The interface includes a text input area, dropdown menus for voice and language selection, a speed slider for adjusting speech tempo, and a generate button. The output section displays the generated audio with playback controls and an option to download the file.

Running Your TTS Application

With everything in place, run the application cell in your Colab notebook. The server will start on port 5000, and you can access it using the Pinggy URL that was generated earlier. Open the URL in your browser, and you’ll see your text-to-speech interface ready to use.

Running Your TTS Application

Try entering different text passages and experimenting with various voices and languages. The model handles both short phrases and longer paragraphs effectively. You can adjust the speed slider to make the speech faster or slower according to your needs. The generated audio can be played directly in the browser or downloaded as a WAV file for use in other projects.

Voice and Language Options

Kokoro TTS offers a diverse selection of voices across multiple languages. The available voices include natural-sounding options for English, Japanese, German, French, Spanish, Italian, Chinese, Korean, Portuguese, and Russian. Each voice has its own characteristics, from warm and friendly tones to more professional and formal styles.

When selecting a voice, consider matching the voice’s language prefix with your chosen language for best results. For example, use voices starting with “en_” for English text and “ja_” for Japanese text. While the model can handle cross-language synthesis, native voice-language pairings typically produce the most natural results.

Performance Considerations

On Google Colab’s free T4 GPU, the text-to-speech generation is remarkably fast. Short sentences generate almost instantly, while longer paragraphs take a few seconds. The first generation after loading the model might be slightly slower as the system warms up, but subsequent generations are consistently quick.

The free Colab tier has usage limits and sessions may disconnect after periods of inactivity. Save any important generated audio before your session ends. For extended use or better performance, consider upgrading to Colab Pro which offers longer session times and priority access to faster GPUs.

GitHub Repository

You can find the complete Colab notebook with all the code in the GitHub repository: TTS Application. The repository includes the ready-to-use notebook that you can run directly in Google Colab.

Conclusion

Self-hosting text-to-speech AI on Google Colab provides an excellent way to access high-quality voice synthesis without recurring API costs or expensive hardware. The combination of Kokoro TTS for natural-sounding speech, Gradio for a polished interface, and Pinggy for public accessibility creates a powerful and free TTS solution.

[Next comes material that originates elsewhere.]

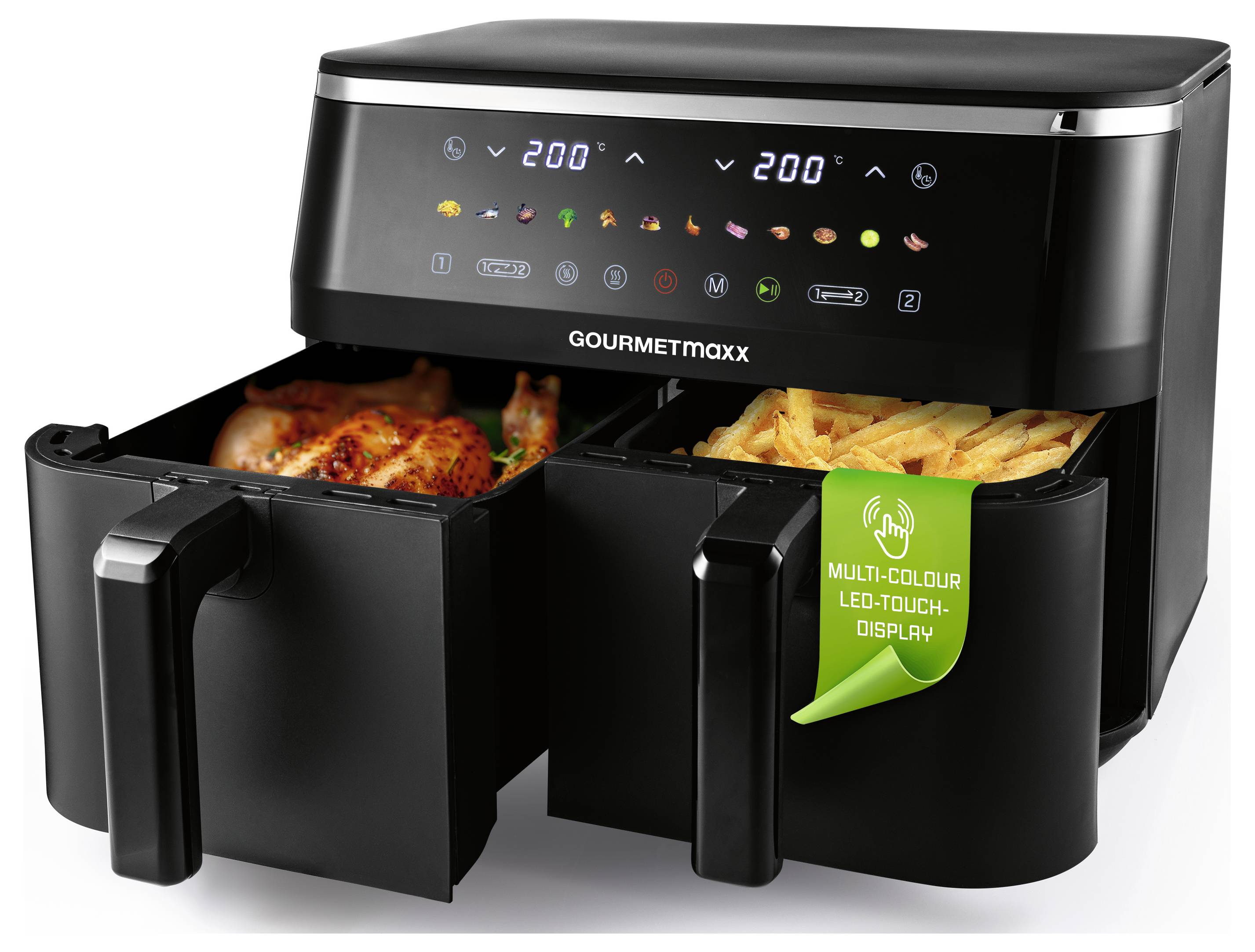 Un friggitrice ad aria a doppio cestello con un display touch digitale che mostra 200°C. Un cestello contiene pollo cotto, l'altro contiene patatine fritte.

This setup is perfect for developers building voice-enabled applications, content creators generating audio for videos or podcasts, educators creating accessible learning materials, or anyone who needs text-to-speech capabilities without the overhead of managing infrastructure. The public URL from Pinggy means you can share your TTS service with collaborators or use it from any device, making it a versatile tool for various use cases.